Geçen hafta bir üniversitenin davetlisi olarak gittiği Ukrayna’nın Lviv kentindeki gözlemlerini aktararak programına devam eden Cengiz Aktar, cepheye uzak olan bu şehirde de savaşın çok etkili bir şekilde hissedildiğini ifade etti. Rusya karşısında askeri ve ekonomik anlamda ciddi derecede güçsüz olan Ukrayna’da pek çok vasıflı gencin savaşa gittiğini belirten Aktar, mezarlıkta yaş ortalamasının 30 civarında olduğuna dikkat çekti ve Batı’nın Ukrayna’ya destek için çok geç kaldığını, Ukrayna’nın içinde olduğu bu karanlık tablonun içinde ayakta kalma gücünü gerçekleşmesi olası Avrupa Birliği üyeliğinden bulduğunu belirtti.

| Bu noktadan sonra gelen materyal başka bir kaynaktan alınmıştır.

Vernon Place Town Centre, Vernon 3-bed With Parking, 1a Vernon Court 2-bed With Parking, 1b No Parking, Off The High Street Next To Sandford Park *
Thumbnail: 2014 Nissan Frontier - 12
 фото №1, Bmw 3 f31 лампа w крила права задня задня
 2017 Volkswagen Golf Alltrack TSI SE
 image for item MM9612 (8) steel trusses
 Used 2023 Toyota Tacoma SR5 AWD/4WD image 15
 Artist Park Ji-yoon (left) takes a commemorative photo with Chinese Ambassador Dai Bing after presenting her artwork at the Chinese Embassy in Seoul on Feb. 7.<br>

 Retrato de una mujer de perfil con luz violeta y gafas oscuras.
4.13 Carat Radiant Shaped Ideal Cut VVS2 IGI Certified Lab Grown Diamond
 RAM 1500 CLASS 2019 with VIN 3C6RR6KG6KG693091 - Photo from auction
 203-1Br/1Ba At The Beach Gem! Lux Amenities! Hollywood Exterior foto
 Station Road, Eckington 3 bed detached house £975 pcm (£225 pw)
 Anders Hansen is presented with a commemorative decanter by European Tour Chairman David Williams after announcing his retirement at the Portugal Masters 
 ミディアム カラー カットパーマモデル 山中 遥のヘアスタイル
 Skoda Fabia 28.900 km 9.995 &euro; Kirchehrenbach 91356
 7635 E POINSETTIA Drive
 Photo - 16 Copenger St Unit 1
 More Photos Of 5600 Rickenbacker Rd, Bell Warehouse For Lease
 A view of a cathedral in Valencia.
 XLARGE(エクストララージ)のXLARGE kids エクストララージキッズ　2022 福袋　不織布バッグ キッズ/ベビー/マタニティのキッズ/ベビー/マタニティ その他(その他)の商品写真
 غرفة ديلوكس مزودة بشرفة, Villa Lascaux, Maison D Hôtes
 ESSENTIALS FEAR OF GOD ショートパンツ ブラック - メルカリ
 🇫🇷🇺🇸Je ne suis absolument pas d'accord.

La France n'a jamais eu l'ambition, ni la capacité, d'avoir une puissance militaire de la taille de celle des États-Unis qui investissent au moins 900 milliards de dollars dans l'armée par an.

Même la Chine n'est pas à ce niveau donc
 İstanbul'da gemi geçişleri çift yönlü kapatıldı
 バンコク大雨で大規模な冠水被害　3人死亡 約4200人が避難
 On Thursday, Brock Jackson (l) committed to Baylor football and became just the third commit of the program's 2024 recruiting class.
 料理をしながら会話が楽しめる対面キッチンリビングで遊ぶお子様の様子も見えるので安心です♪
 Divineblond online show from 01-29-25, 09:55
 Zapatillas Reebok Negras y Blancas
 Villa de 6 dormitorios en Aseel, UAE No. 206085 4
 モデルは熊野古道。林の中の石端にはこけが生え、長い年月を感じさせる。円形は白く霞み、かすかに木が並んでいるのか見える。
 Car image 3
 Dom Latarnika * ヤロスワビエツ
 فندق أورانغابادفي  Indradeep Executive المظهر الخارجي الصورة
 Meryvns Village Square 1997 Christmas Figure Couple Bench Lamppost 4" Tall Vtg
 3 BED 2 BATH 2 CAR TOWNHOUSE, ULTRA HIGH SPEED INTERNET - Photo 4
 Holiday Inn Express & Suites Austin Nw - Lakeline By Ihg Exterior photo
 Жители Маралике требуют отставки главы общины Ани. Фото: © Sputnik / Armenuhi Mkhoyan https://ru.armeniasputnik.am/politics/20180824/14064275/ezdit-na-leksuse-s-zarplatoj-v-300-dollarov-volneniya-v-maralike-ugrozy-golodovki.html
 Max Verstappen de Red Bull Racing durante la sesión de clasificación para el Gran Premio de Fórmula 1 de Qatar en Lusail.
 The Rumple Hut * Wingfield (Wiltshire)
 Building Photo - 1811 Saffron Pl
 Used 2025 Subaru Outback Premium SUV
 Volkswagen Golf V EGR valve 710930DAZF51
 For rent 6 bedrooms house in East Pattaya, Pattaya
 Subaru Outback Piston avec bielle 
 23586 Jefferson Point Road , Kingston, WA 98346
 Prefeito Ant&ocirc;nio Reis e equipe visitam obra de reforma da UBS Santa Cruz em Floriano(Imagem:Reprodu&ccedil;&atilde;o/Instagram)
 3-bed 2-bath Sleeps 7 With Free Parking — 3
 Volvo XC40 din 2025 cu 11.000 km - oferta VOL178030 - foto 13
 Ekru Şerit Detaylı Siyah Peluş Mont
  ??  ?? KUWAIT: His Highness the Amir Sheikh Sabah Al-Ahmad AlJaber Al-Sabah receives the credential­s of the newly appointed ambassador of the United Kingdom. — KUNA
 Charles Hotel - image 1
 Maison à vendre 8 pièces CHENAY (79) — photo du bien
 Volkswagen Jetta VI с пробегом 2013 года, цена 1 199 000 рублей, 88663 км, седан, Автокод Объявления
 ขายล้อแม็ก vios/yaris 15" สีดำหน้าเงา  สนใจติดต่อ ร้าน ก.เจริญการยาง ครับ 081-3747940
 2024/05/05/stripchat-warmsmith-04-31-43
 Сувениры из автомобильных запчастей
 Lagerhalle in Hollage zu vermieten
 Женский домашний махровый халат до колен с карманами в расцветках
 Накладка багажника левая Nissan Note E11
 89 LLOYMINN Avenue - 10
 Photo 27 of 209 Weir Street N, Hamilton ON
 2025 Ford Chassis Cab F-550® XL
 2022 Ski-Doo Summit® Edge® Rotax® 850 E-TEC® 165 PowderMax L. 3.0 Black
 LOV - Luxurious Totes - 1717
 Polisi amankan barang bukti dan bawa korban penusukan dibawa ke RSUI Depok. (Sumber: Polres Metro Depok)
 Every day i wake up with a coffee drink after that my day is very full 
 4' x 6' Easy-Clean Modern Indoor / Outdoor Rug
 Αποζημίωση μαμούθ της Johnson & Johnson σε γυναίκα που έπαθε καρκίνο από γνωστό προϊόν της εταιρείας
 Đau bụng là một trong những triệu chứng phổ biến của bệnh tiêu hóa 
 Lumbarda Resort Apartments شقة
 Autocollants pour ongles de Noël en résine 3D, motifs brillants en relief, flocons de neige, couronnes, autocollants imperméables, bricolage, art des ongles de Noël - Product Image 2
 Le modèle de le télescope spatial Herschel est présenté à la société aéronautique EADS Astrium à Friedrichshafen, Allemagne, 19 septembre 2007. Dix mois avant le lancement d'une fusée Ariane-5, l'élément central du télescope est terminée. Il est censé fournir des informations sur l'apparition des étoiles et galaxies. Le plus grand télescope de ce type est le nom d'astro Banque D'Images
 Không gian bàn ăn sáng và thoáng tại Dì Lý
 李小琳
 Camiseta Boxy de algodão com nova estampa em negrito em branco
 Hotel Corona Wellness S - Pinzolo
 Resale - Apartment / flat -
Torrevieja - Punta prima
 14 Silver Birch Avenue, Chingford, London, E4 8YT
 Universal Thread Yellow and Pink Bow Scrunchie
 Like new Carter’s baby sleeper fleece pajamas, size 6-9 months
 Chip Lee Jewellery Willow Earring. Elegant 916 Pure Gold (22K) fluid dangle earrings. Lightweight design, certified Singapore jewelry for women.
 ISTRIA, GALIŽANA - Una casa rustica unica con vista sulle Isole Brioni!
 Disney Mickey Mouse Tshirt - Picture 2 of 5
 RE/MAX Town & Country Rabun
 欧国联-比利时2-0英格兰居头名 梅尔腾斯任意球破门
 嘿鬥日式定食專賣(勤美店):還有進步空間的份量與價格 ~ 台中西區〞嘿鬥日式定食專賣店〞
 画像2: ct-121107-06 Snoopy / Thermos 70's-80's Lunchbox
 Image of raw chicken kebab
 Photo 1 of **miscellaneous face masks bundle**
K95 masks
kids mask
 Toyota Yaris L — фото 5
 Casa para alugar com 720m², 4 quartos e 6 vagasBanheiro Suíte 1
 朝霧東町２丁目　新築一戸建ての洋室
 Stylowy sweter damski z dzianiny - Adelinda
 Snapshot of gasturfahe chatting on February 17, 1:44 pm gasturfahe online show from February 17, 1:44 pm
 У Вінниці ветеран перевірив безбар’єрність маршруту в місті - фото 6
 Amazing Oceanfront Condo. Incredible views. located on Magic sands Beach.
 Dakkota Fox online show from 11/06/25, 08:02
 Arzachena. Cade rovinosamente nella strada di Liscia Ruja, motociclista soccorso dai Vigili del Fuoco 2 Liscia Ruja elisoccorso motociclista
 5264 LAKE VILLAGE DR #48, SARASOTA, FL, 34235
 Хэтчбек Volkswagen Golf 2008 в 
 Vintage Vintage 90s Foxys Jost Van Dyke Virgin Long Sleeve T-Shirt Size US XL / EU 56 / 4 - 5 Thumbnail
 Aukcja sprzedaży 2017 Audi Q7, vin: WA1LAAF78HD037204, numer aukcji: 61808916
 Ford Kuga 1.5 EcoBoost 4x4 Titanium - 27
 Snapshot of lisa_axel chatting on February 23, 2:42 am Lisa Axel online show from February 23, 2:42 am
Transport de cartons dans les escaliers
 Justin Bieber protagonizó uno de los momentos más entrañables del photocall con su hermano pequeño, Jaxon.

Son olarak, İran’daki helikopter kazasında ölen Cumhurbaşkanı Ebrahim Raisi’nin geçmişini hatırlatan Cengiz Aktar, Temmuz 88’de savcılardan oluşan Tahran Ölüm Komitesi’nin mensubu olan Reisi’nin Şah Rejimi’ne karşı ayaklanan bütün sol kesimi kırıp geçirdiğini belirtti. Bu komitenin bütün ülke çapında tutuklanan 4 bin – 5 bin siyasi mahkumun adil yargılama olmaksızın infazında ve idamında rol oynadığına dikkat çeken Aktar, komitenin hangi mahkumların idam edileceğine ve hangilerinin bağışlanacağına ilişkin almış olduğu kararlarının keyfiyetine dikkat çekerek, Topluma gözdağı vermek için hapis yatan insanları hapisten çıkarıp idam ediyorlardı ve hala devam ediyor bu. Geçen hafta kadınların da dahil olduğu bir idam silsilesi yaşandı,” dedi. Madra, pek çok kişinin ölümünden sorumlu olan Raisi için Türkiye’de bir günlük yas ilan edildiğini hatırlatırken; Aktar, İran’da ise kutlamaların yapıldığını ifade ederek programına noktaladı.